Senescent cells spread the word: non-cell autonomous propagation of cellular senescence

Abstract

Nat Cell Biol advance online publication, June 16 2013; doi:; DOI: 10.1038/ncb2784

Senescence has long been considered a cell autonomous arrest programme restricting the propagation of damaged cells in tissues. Now there is accumulating evidence that senescent cells can communicate with their environment. In a recent report by Gil and colleagues (Acosta et al, 2013), it now seems senescence can be transmitted in a paracrine fashion in several in vitro and in vivo contexts. In addition to broadening our understanding of the biology of senescence, these new findings may have interesting implications for tissue homeostasis and future cancer therapies.

Figure 1

Cell autonomous and non-cell autonomous effects of cellular senescence. Stress stimuli such as activation of oncogenes and DNA damage can trigger normal mitotic cells to go into senescence. This involves inflammosome-mediated activation of IL-1 signalling, which initiates the SASP response.
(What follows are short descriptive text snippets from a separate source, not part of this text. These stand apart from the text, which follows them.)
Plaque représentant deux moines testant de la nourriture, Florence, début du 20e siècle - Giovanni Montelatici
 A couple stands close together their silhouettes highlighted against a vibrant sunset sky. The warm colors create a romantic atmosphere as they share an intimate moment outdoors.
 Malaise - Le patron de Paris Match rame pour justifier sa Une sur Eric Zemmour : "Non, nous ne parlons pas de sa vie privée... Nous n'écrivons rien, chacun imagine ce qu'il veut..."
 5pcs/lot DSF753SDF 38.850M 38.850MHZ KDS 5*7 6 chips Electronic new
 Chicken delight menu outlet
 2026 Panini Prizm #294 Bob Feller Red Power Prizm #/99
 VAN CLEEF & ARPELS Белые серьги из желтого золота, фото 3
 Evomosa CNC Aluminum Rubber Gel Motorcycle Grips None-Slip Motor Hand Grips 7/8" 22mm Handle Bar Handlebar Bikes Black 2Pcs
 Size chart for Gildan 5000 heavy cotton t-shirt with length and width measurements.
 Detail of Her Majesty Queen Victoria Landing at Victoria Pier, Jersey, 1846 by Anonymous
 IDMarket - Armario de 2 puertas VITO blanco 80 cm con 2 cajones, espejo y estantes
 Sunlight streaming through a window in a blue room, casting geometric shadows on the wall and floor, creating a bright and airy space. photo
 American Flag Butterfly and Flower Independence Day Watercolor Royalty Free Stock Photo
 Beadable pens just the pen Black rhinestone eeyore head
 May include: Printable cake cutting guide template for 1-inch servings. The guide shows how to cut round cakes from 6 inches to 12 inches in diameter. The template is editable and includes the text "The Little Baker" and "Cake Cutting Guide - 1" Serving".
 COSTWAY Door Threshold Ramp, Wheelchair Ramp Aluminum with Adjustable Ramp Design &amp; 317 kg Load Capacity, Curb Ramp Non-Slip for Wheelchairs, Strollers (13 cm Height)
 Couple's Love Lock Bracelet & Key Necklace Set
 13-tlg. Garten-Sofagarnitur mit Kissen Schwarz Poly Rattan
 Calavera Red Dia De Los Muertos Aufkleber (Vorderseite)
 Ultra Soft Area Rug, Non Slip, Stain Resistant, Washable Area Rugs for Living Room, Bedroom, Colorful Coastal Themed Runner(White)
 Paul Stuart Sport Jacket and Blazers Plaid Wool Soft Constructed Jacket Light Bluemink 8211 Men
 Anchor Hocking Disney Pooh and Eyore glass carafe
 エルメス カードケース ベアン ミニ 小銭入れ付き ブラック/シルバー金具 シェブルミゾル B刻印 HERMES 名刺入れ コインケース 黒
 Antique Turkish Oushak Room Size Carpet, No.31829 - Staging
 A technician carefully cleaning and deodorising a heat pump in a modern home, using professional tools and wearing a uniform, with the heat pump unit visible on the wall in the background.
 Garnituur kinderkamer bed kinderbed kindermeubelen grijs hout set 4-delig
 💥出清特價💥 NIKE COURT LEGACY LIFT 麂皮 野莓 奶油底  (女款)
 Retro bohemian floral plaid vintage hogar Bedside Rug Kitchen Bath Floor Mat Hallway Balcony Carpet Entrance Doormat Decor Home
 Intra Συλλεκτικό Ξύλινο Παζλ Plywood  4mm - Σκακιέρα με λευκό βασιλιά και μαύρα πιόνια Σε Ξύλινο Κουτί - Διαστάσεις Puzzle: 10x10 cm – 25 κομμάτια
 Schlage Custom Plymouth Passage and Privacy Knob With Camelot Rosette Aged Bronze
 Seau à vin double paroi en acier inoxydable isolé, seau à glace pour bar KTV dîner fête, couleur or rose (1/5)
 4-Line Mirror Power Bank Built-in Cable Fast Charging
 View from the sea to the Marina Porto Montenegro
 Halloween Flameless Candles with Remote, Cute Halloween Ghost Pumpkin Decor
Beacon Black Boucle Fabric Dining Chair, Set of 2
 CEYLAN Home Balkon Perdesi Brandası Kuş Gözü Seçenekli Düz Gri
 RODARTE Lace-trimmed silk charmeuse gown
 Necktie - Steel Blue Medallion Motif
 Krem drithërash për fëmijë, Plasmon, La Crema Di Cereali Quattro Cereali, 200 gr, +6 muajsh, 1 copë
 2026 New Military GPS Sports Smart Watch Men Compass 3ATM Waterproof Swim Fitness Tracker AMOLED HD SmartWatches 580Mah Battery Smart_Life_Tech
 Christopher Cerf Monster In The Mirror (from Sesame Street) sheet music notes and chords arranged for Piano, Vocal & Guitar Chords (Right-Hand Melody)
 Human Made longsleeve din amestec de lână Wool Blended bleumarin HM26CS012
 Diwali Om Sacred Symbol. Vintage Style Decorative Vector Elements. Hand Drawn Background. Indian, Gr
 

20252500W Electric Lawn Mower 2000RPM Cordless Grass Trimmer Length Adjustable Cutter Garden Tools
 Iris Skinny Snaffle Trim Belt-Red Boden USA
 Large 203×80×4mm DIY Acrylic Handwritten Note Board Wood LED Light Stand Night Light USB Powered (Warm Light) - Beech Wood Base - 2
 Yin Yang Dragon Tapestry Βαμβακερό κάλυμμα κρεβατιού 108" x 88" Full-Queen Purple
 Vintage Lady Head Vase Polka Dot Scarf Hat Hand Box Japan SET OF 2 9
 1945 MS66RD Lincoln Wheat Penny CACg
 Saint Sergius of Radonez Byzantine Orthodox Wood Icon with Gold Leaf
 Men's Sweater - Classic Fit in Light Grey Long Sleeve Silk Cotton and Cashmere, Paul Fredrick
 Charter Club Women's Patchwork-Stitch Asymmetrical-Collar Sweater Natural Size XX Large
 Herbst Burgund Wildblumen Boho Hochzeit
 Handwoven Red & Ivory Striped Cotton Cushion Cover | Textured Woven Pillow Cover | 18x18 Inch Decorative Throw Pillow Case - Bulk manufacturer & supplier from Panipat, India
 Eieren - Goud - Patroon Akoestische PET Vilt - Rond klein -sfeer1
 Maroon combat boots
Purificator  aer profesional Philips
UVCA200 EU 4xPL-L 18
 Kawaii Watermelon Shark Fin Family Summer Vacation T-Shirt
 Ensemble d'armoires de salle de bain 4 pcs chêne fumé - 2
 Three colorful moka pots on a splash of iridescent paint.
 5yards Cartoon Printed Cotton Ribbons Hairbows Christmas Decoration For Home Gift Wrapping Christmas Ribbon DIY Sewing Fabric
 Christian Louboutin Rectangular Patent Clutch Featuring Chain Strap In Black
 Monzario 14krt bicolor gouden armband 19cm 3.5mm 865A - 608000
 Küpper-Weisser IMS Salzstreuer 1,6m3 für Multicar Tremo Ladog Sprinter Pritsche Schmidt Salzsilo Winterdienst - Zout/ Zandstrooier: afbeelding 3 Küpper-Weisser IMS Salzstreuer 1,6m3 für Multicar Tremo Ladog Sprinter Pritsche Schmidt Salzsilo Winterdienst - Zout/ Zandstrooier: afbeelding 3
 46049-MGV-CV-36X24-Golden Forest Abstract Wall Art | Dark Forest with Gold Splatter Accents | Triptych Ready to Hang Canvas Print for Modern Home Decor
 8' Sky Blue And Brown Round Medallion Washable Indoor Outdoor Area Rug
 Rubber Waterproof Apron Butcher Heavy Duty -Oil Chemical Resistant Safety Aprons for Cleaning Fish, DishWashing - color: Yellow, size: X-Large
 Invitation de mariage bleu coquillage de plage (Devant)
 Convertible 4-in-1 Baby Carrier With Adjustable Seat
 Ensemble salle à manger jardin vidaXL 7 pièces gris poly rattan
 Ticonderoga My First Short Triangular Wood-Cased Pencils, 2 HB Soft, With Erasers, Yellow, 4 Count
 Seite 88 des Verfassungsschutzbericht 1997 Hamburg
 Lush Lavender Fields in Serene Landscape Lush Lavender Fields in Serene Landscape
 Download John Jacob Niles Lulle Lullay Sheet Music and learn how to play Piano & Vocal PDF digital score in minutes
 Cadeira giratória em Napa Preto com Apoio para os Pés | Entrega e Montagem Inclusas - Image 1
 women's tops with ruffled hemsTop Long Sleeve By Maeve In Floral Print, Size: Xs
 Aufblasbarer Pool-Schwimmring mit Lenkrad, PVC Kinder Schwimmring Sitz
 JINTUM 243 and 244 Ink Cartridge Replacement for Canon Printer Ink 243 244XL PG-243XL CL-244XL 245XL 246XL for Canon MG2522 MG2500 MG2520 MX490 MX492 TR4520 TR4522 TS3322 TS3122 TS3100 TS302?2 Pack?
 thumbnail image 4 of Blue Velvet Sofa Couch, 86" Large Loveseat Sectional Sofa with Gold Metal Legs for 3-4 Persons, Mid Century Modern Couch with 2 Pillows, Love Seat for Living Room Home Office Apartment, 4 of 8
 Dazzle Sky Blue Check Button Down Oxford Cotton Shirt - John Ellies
The SASP acts cell autonomously (autocrine) to reinforce the senescent phenotype via cytokines such as IL-6. The SASP also acts non-cell autonomously (paracrine) to influence the cells in the surrounding environment. For example, SASP components such as VEGF, TGFB and CCL2 can trigger bystander senescence on neighbouring cells. Paradoxically, the SASP can also exert pro-mitogenic stimulation of neighbouring cells via cytokines like IL-6, which appear to play dual roles depending on the context. Furthermore, the SASP can act on the immune system via pro-inflammatory cytokines, leading to immune cell recruitment and subsequent targeting and clearance of senescent cells. Alternatively, the SASP can trigger upregulation of p16 and p21 levels on neighbouring immune cells, the functional consequences of which are not yet so clear.